When aircraft controls are accessible to passengers there is a risk of inadvertent control manipulation and a risk of the pilot losing control of the aircraft at a critical time of flight operations.

It is also possible the level of the passengers' intoxication impaired their ability 2 to recognize the gravity of the situation and stop their interference in time for the pilot to regain control of the aircraft before impact.

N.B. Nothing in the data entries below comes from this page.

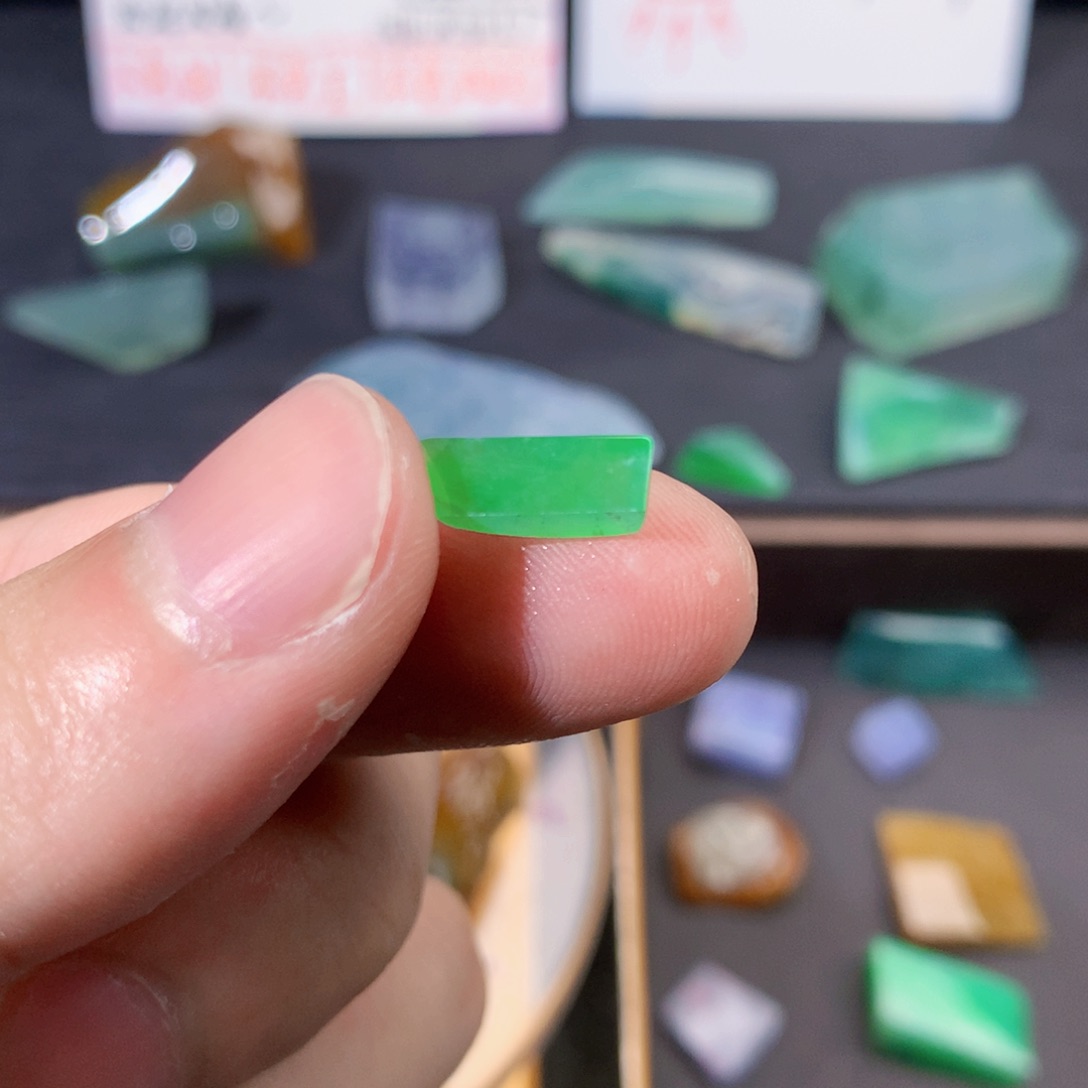 未镶嵌定制翡翠7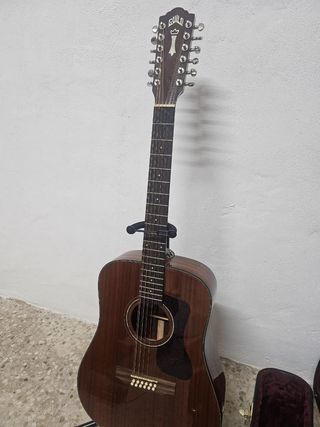 Guitarra Guild 12 cuerdas 
Guild 1212 E
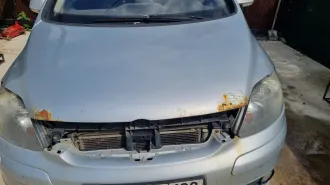 Volkswagen Golf Plus 2008 года, VIN: WVWZZZ1KZ9W834369, госномер С799ЕХ198, цвет серебристый, производитель Volkswagen AG (Германия), ПТС: 47 РК 846268, СТС: 99 58 541644. Автомобиль находится в залоге у АО "ТБанк". Расположен в Ленинградской области, Кировском районе, Мгинском городском поселении…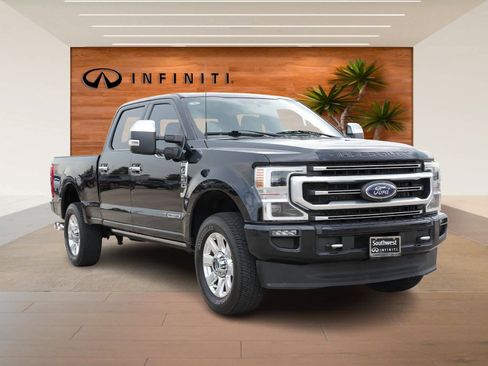 Used 2022 Ford F250 Platinum image 3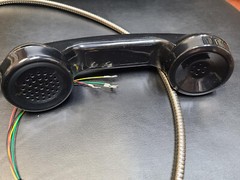 7 A 1060 DUKANE Armored Telephone Intercom Handset only 705-40-329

Findings as to Causes and Contributing Factors

  1. It is likely that passenger interference caused the pilot to lose control of the aircraft whereupon it descended in a steep nose-down attitude until it struck the water.
  2. It is possible the passengers' level of intoxication contributed to their inability to recognize the gravity of the situation and stop the interference in time for the pilot to regain control of the aircraft before impact.
  3. Because there was no locking mechanism on the pilot's seatback, and because the pilot was not wearing his shoulder strap, he would have been unable to prevent his upper body from being forced onto the instrument panel.  

Findings as to Risk

  1. When controls are accessible to passengers there is a risk of inadvertent control manipulation and a risk of the pilot losing control of the aircraft.
  2. When upper body restraint systems are not used there is a risk of serious head injury in the event of an accident.
  3. When cargo or passengers' baggage is not restrained, there is a risk of unsecured items injuring persons on board in the event of sudden aircraft stoppage or encounters with severe turbulence.

Other Finding

  1. Post-impact survival issues such as egress and flotation were not relevant in this accident.

This report concludes the Transportation Safety Board's investigation into this occurrence. Consequently, the Board authorized the release of this report on 19 May 2011.